Listed entries:
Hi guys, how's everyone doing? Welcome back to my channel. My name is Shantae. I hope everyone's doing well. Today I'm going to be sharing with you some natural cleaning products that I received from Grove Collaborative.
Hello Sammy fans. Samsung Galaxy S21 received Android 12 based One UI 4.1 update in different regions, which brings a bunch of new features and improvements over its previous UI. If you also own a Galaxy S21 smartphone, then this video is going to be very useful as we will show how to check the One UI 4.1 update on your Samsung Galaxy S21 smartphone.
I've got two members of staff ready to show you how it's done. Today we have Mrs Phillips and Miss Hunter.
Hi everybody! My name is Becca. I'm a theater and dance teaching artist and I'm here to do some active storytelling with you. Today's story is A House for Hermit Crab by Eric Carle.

--

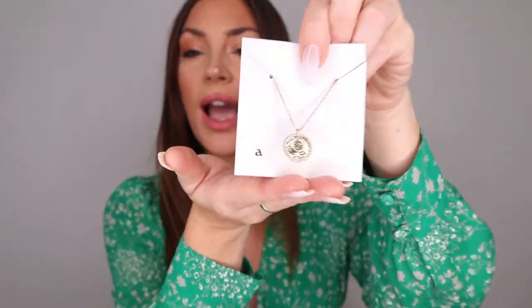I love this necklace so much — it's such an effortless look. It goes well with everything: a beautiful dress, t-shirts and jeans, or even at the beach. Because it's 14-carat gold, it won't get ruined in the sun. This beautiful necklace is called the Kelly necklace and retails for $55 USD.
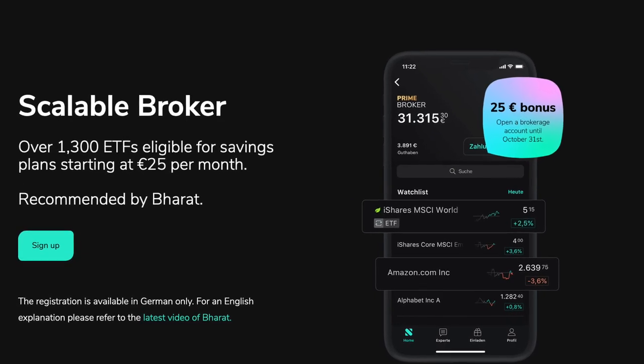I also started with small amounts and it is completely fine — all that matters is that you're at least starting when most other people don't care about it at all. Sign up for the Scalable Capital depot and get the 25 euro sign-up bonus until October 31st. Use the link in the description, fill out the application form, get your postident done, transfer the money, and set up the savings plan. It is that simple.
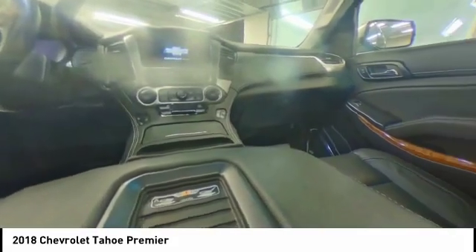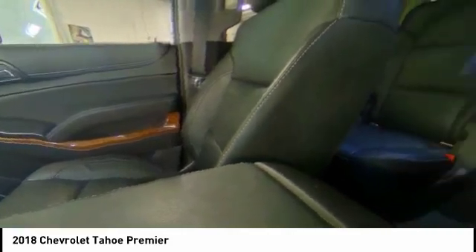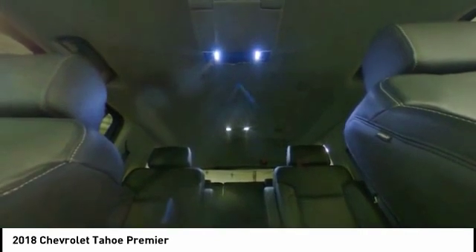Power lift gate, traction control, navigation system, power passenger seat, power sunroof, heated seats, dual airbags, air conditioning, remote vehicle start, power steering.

Exercise:
Within the listing above, give again exactly every line from the line with "Hello Sammy fans." through the line with "Hi everybody! My", both included, and no other line.

Output:
Hello Sammy fans. Samsung Galaxy S21 received Android 12 based One UI 4.1 update in different regions, which brings a bunch of new features and improvements over its previous UI. If you also own a Galaxy S21 smartphone, then this video is going to be very useful as we will show how to check the One UI 4.1 update on your Samsung Galaxy S21 smartphone.
I've got two members of staff ready to show you how it's done. Today we have Mrs Phillips and Miss Hunter.
Hi everybody! My name is Becca. I'm a theater and dance teaching artist and I'm here to do some active storytelling with you. Today's story is A House for Hermit Crab by Eric Carle.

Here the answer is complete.